This is not the first time I’ve been injured and I’m sure it won’t be the last. But, every time it happens I think you learn more about yourself. And, if you’re honest with yourself, the learning process as painful, frustrating and upsetting it is, is a useful one. This time round there are a few obvious learnings for me:
- Don’t put all your eggs in one basket. I hate to admit it, but running is a bit of a crutch for me. It keeps me grounded every day, lifts my mood, clears my head and allows me to eat cake and not feel too horrendous about it. But, it is addictive, and having a back up to fall on when things go wrong would be wise, so you can avoid feeling like your world is falling apart. Again, dramatic, but partially true.
- Pay more attention to your body mechanics, strength and mobility. I’ve always done some strength and conditioning alongside running, as well as some yoga for flexibility (don’t get me wrong, my hamstrings are still always like lead every time I go but I feel it helps). But, I’ve not given enough time to figure out what my body personally needs to be able to clock up the miles every week. Turns out I have a real difference in strength between my left and right leg, the left over compensating and being more prone to injury. And, my glutes aren’t firing properly so its putting extra strain on my hip flexors. So, the plan of action is to focus on those areas and my core so my body is better equipped to take on the challenges I throw at it.

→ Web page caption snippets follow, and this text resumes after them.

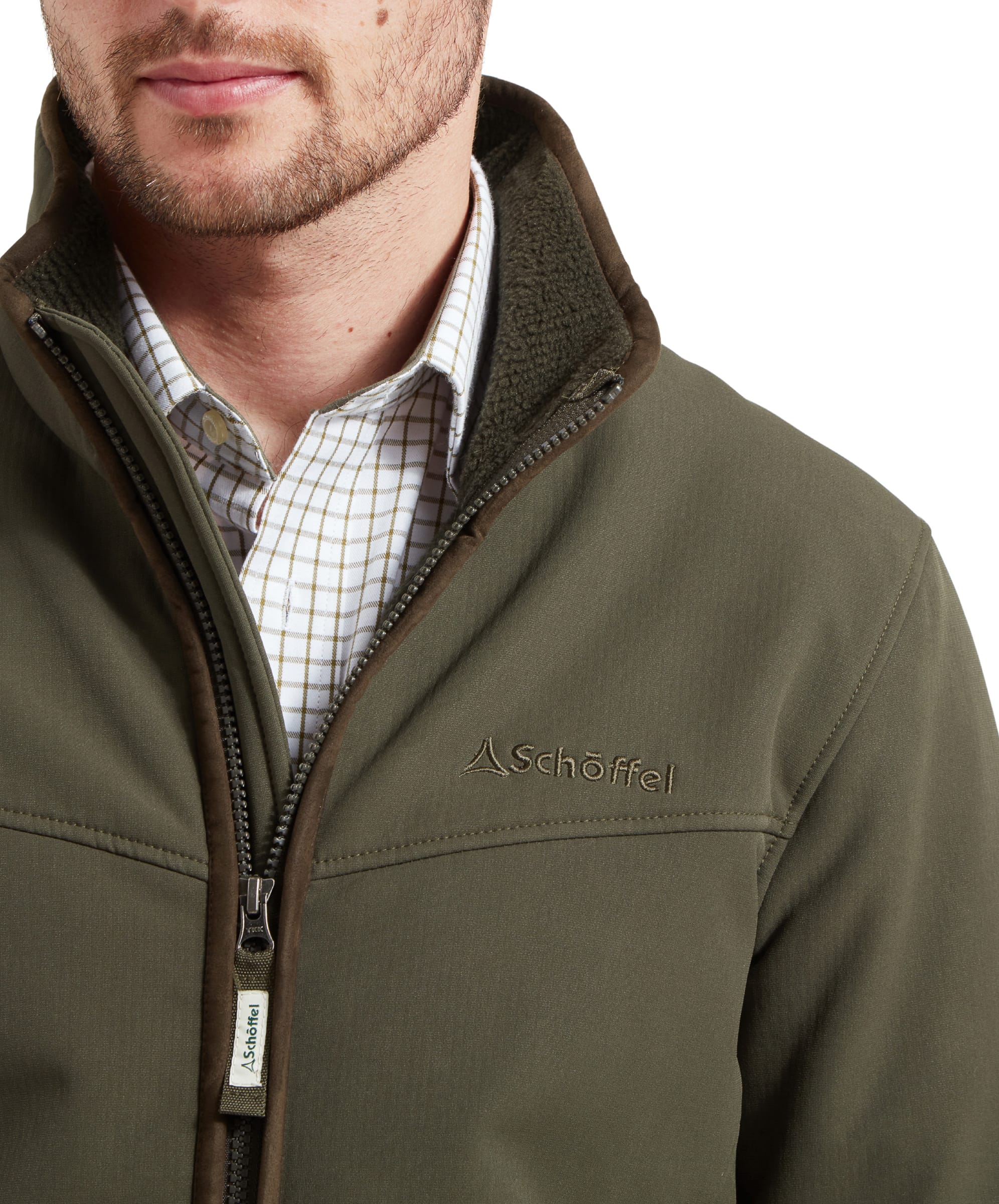 Close-up of the chest area of the Schöffel Men's Burrough Jacket in Green, featuring the Schöffel logo and zipper details.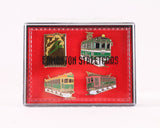 A red velvet box with 4 different enamel pins. All 4 pins feature a High-level Bridge streetcar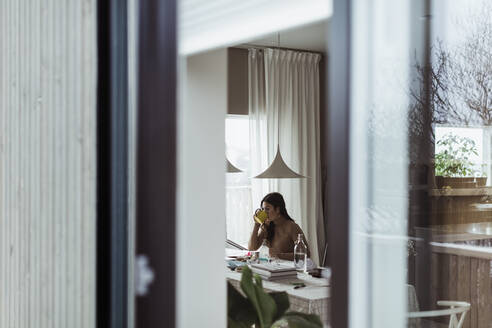 Weibliche Fachkraft trinkt Kaffee durch ein Fenster im Büro zu Hause gesehen - MASF24400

- When things go wrong, act, don’t react. Getting frustrated and annoyed at what you can’t control is a waste of energy. You realise this pretty quickly. In the time you have spare from all of the running you’re missing, channel your energies into things you can control and have more time to think about. As a trainee nutritionist, I’m always pretty focused on how I fuel my body, but it’s even more important when you’re trying to heal and recover. So, it’s been green juices every morning, cutting back on caffeine and sugar and making sure I’m getting plenty of essential fatty acids (omega 3s) to help bring the inflammation down. I’ve also rediscovered the benefits of swimming and plan to build some more cross training into my training from now on.
- Remind yourself it’s only running. Things really aren’t that bad. And you’ll recover and come back from it stronger and wiser.